Open Spotify (or any other music app) when you connect to a Bluetooth device

If you don’t use the Apple Music app, or if you always open your favorite podcast app when you connect your Bluetooth headphones, here’s a way to speed things up.

Choose Bluetooth as a trigger, and link your device. Choose Open App as the action, and tap App to select the app of choice. Boom! The next time you connect to that device, it will automatically open the selected app. If you want to open a particular Spotify playlist, use the Open Link option, and paste the playlist link.

Set a watch face, based on the time of day, location, or more

Set Watch Face is a great action you can use in multiple ways. You can assign it to the Time trigger to automatically switch to a minimal watch face at sunset, or you can set it to change to the Infograph watch face when you get to work. You can link it to a Focus as well.

Get into low power mode whenever you want

By default, the iPhone prompts you to enable Low Power Mode when the battery hits 20%, and you have to choose whether to turn it on or stay the course. Instead, you can automatically enable Low Power Mode when the battery hits any percentage you want.

To do that, choose the Battery Level trigger, with the Equals % option set to the % you want. Use the Set Low Power Mode option, and make sure it’s set to On.

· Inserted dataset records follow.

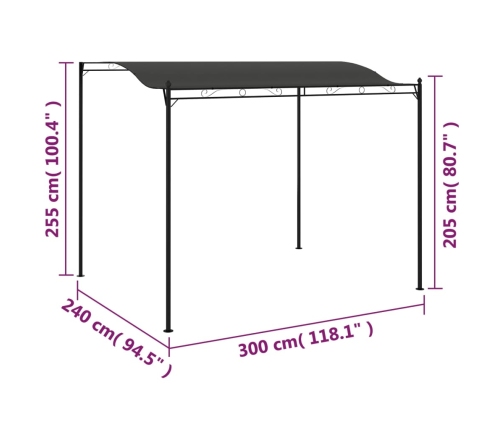 Toldo parasol gris antracita 3x2,4 cm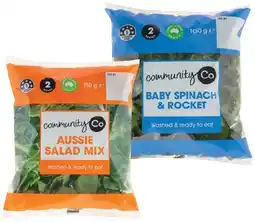 IGA Community Co Aussie Salad Mix 110g or Baby Spinach and Rocket 100g offer
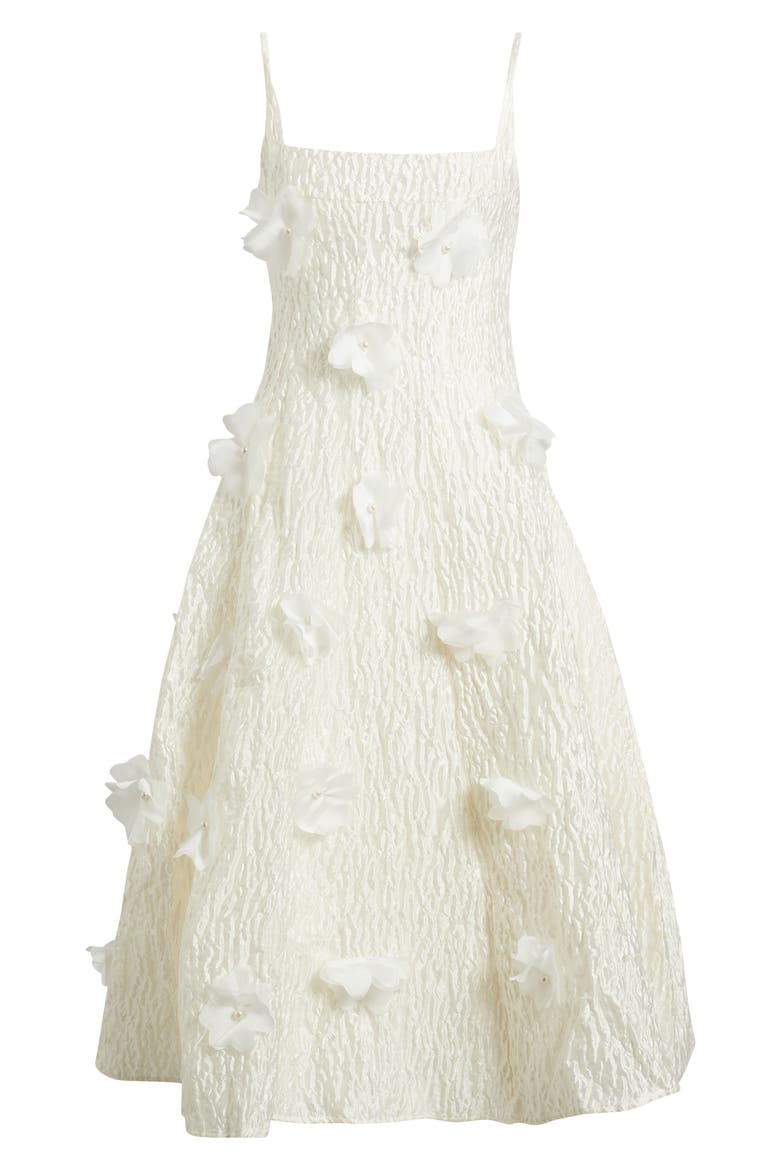 Petunia Bloom Sleeveless Satin Midi Dress, Alternate, color, WHITE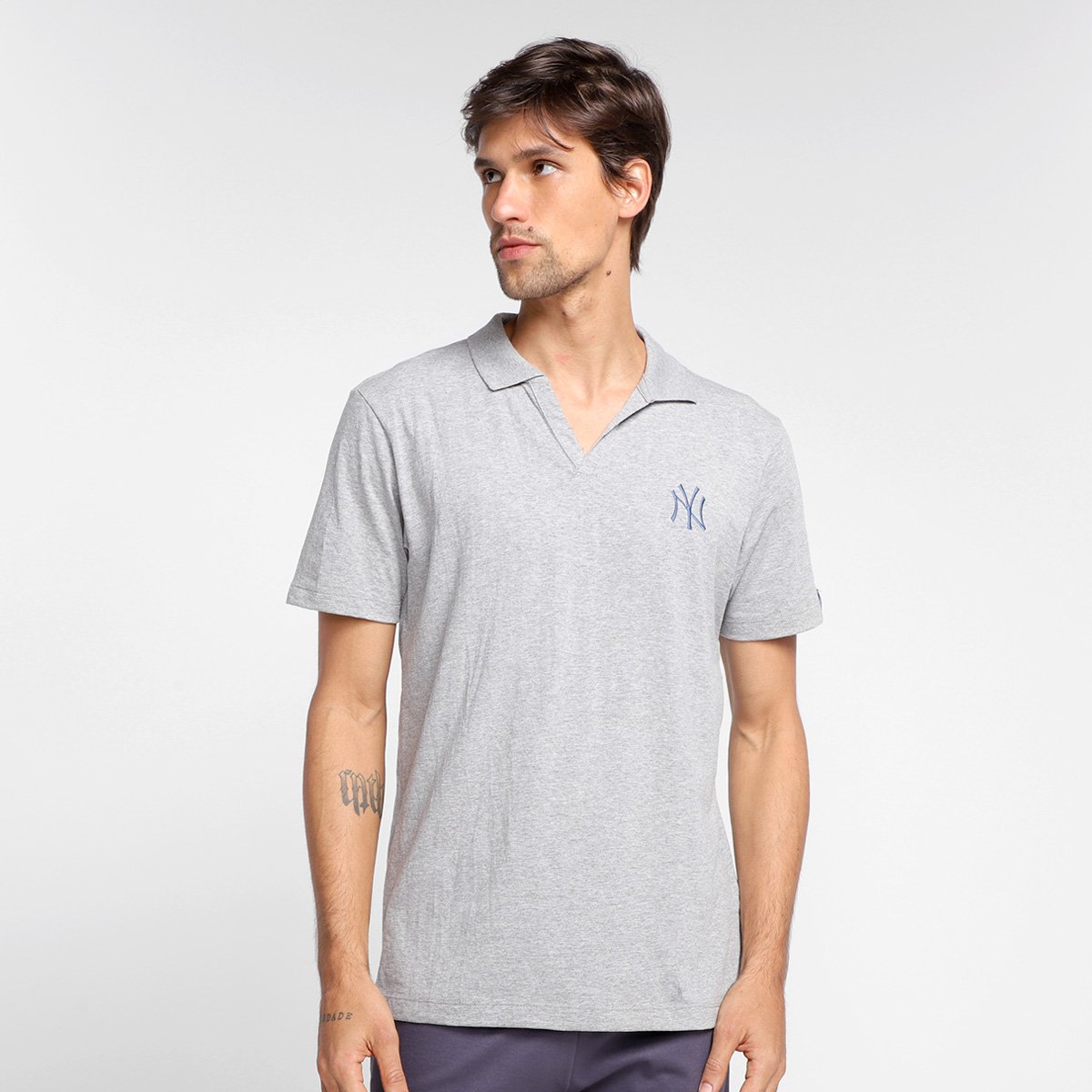 Camisa Polo MLB New York Yankees New Era Fashion Icon Stripes Masculina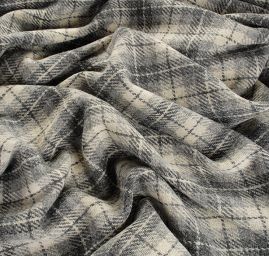 Tvídová vlněná látka káro slonová kost/šedá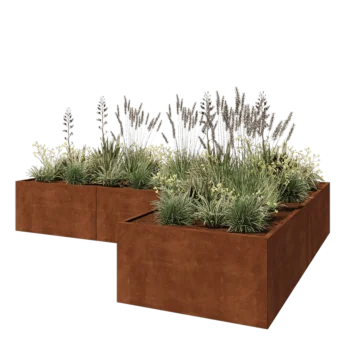 Jardinera de acero corten - Forma de L - 360 x 240 x 60 cm - Con placa inferior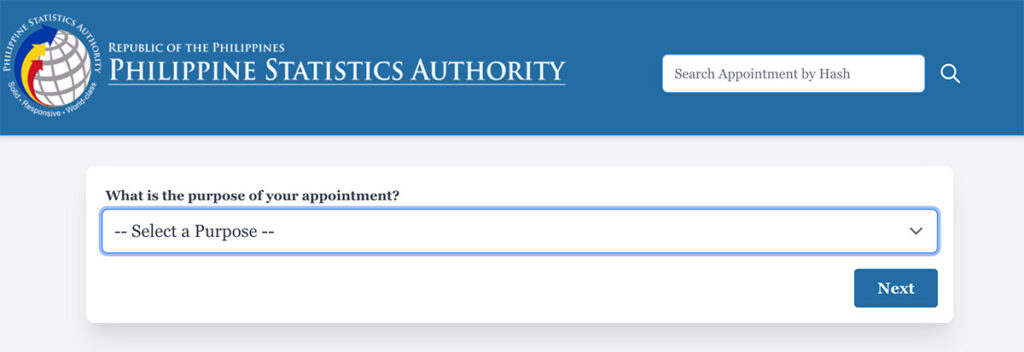 PSA online appointment - purpose of appointment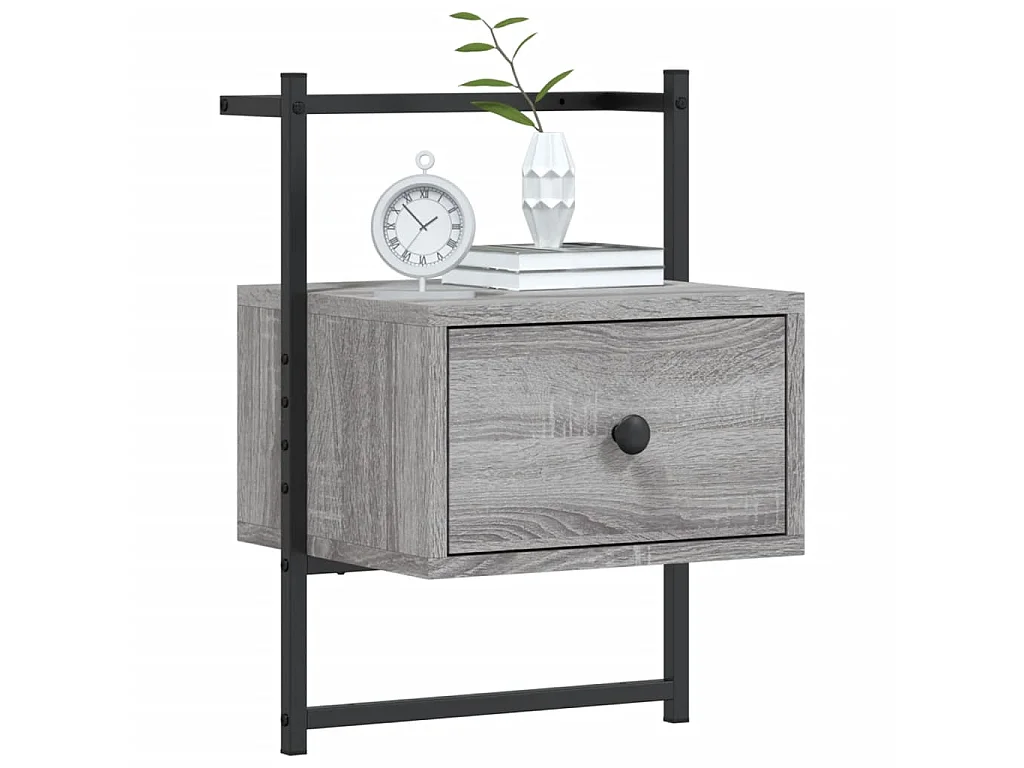 Table de chevet murale sonoma gris 35x30x51cm bois d'ingénierie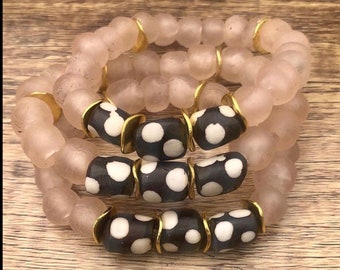 Beaded Bracelet |Tribal Bracelet/ Batik Bone Bracelet/Pink Beaded Bracelet/ Stackable Bracelet/ Strech Bracelet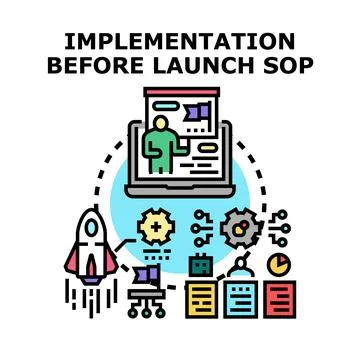 Implementing new project before product launch sop Stock Illustration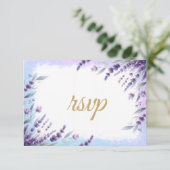 Lavendel und blaue elegante Wasserfarbe RSVP Karte (Stehend Vorderseite)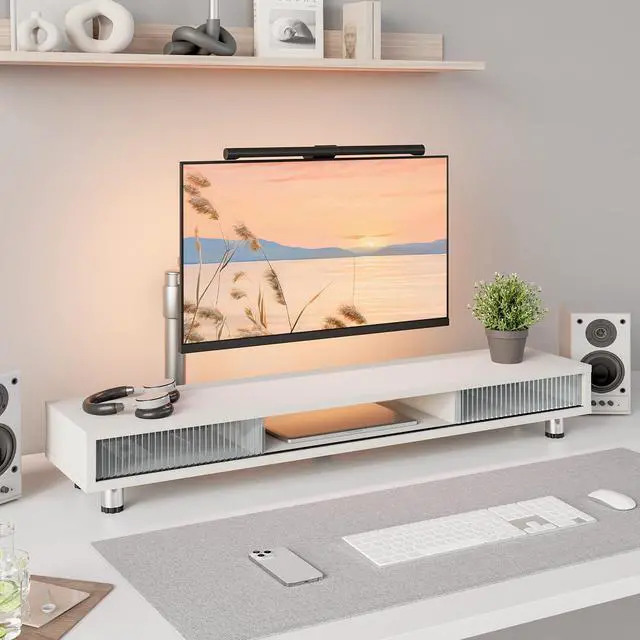 Alt view image 5 of 7 - Dual Monitor Stand with Storage, Desk Shelf with Glass Sliding Door | Ergonomic Height Adjustment, 42.5in Monitor Shelf, 2-Tier Monitor Riser, Desk Organizer for Screen, PC, Laptop, White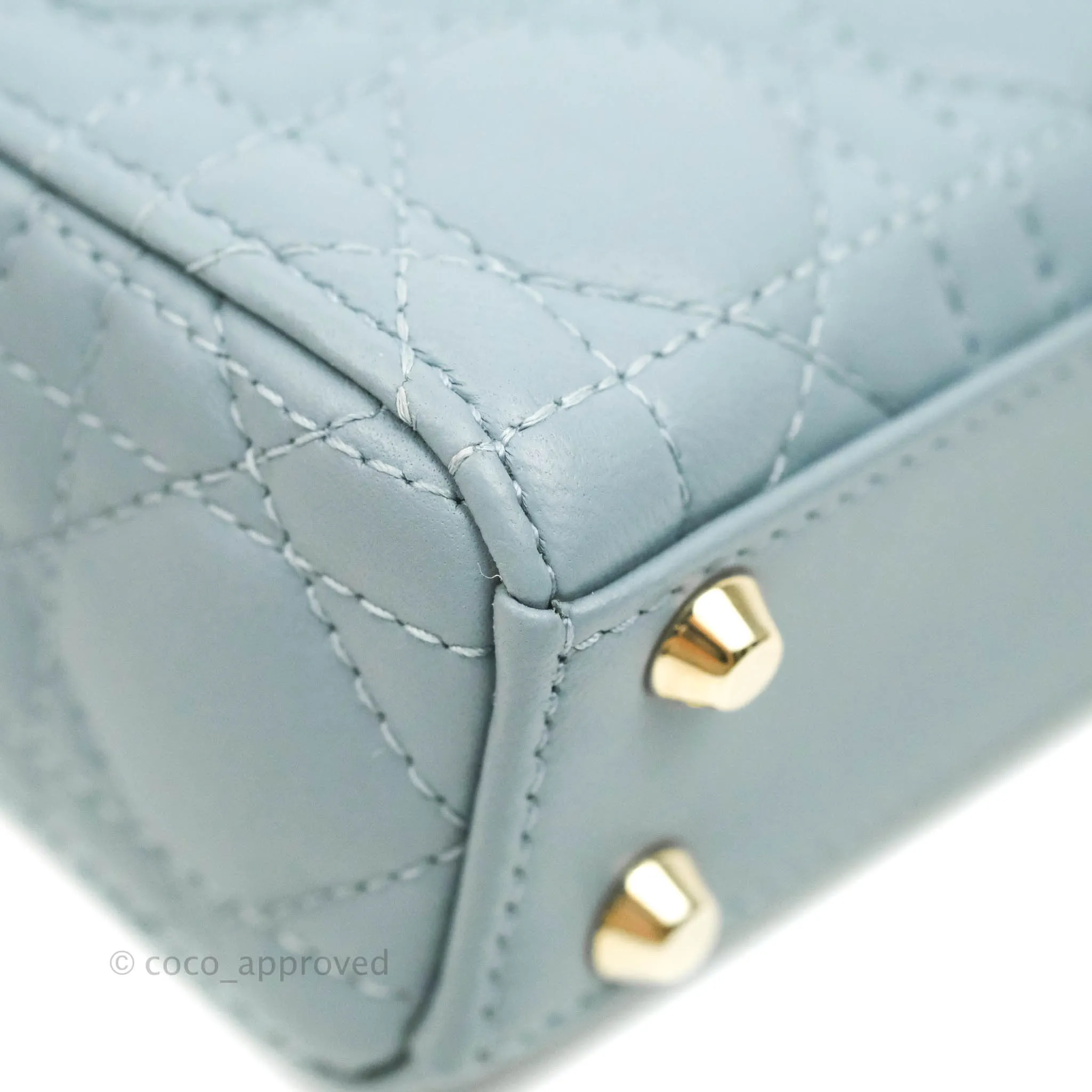 Christian Dior Micro Lady Dior Cannage Blue Grey Lambskin Gold Hardware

Automatically send a text message when you reach a location

The Messages app is deeply linked with the Shortcuts app, so you can create an automation that can automatically send a pre-determined message. This can be done when you enable a Focus mode, or when you leave or reach an area.

A common use case is to text a family member that you have left work, or that you’re in the car. Choose the Leave or Arrive trigger (or the Bluetooth trigger if you want to send it any time you’re driving). Then, choose the Send Message action, and customize the Message and the Recipients part.

Actually turn off wifi, cellular, and Bluetooth, whenever you want

We’ve already covered how your iPhone doesn’t actually turn off wifi, cellular, or Bluetooth when you use the Control Center. It merely disables them until 5 a.m. the next morning. Creating a shortcut to actually disable them is a good idea.

Plus, you can automate this either by using your Sleep focus as a trigger, or by linking it to Low Power Mode or a custom Battery Level. This can really help you conserve your battery life.

After choosing the trigger, use the Set Bluetooth, Set Wi-Fi, and Set Cellular Data options, and switch them Off.